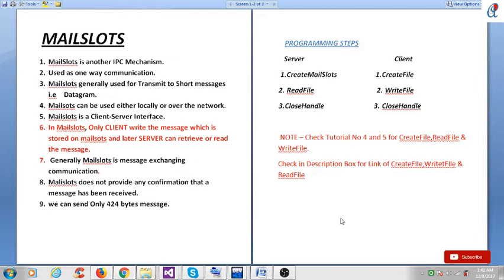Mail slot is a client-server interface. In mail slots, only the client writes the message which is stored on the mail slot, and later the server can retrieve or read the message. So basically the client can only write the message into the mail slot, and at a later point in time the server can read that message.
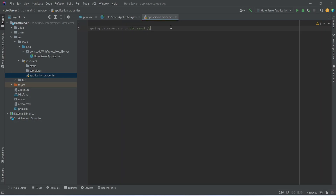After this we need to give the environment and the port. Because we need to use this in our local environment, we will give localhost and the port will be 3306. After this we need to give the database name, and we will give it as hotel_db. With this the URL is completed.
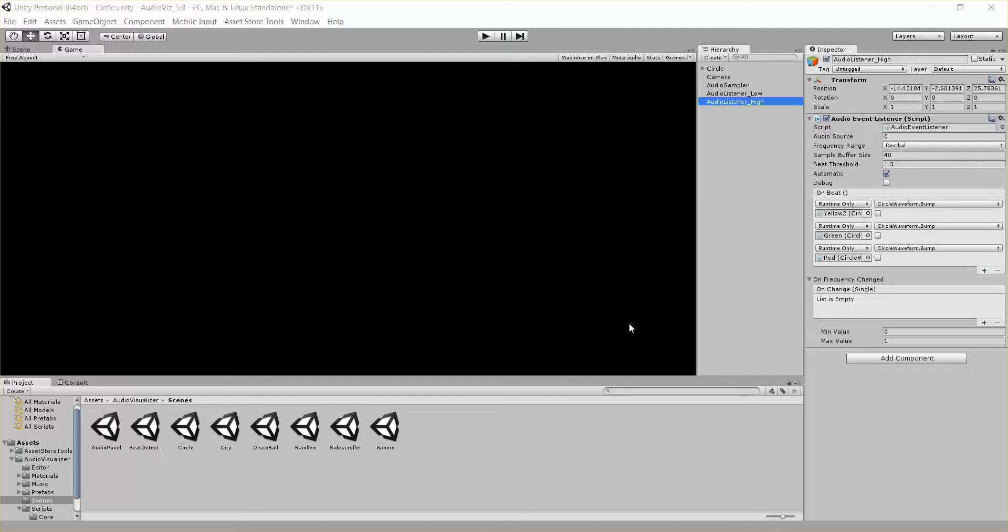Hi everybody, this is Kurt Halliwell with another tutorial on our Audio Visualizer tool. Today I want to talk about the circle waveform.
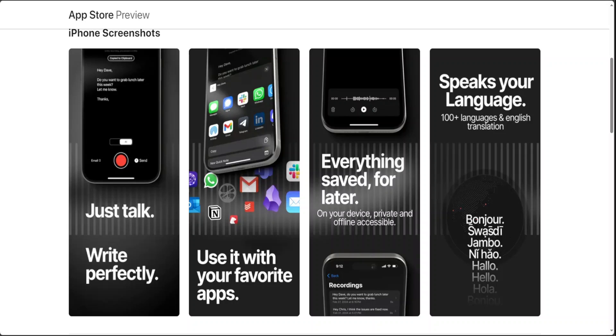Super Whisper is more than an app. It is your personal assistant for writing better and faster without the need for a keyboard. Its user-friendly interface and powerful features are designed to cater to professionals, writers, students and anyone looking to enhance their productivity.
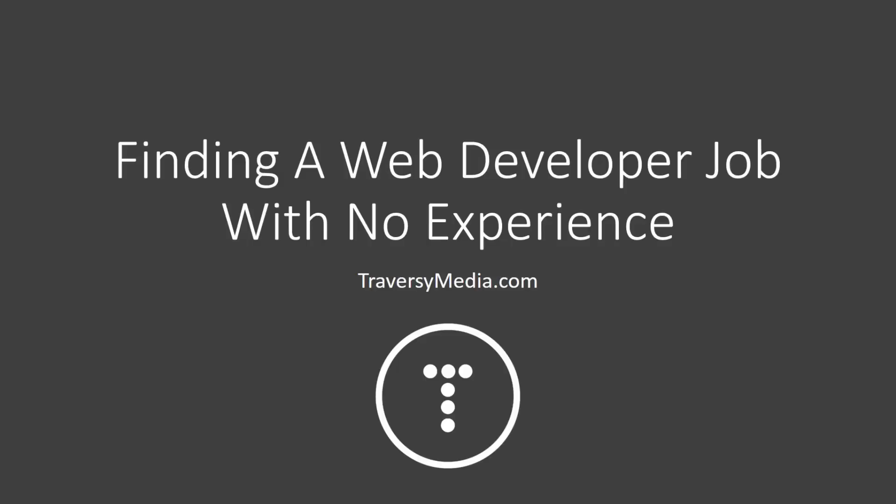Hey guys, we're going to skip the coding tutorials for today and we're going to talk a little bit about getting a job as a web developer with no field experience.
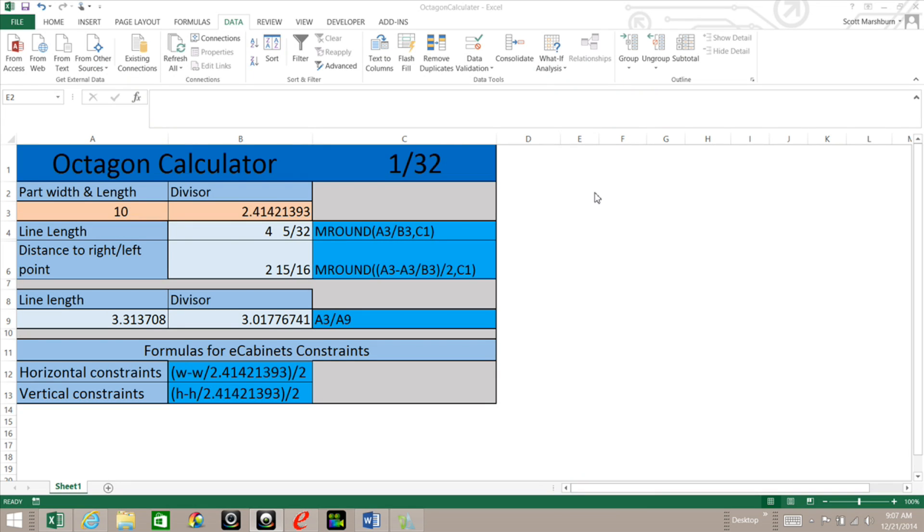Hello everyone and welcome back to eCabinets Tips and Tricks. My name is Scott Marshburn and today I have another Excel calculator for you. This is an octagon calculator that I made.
__________________________________________________
ABOUT THIS TASK> Up to and including the line with "Hey guys, we're", copy the data above from its first line. Skip pictures.

TASK RESPONSE>
Mail slot is a client-server interface. In mail slots, only the client writes the message which is stored on the mail slot, and later the server can retrieve or read the message. So basically the client can only write the message into the mail slot, and at a later point in time the server can read that message.
After this we need to give the environment and the port. Because we need to use this in our local environment, we will give localhost and the port will be 3306. After this we need to give the database name, and we will give it as hotel_db. With this the URL is completed.
Hi everybody, this is Kurt Halliwell with another tutorial on our Audio Visualizer tool. Today I want to talk about the circle waveform.
Super Whisper is more than an app. It is your personal assistant for writing better and faster without the need for a keyboard. Its user-friendly interface and powerful features are designed to cater to professionals, writers, students and anyone looking to enhance their productivity.
Hey guys, we're going to skip the coding tutorials for today and we're going to talk a little bit about getting a job as a web developer with no field experience.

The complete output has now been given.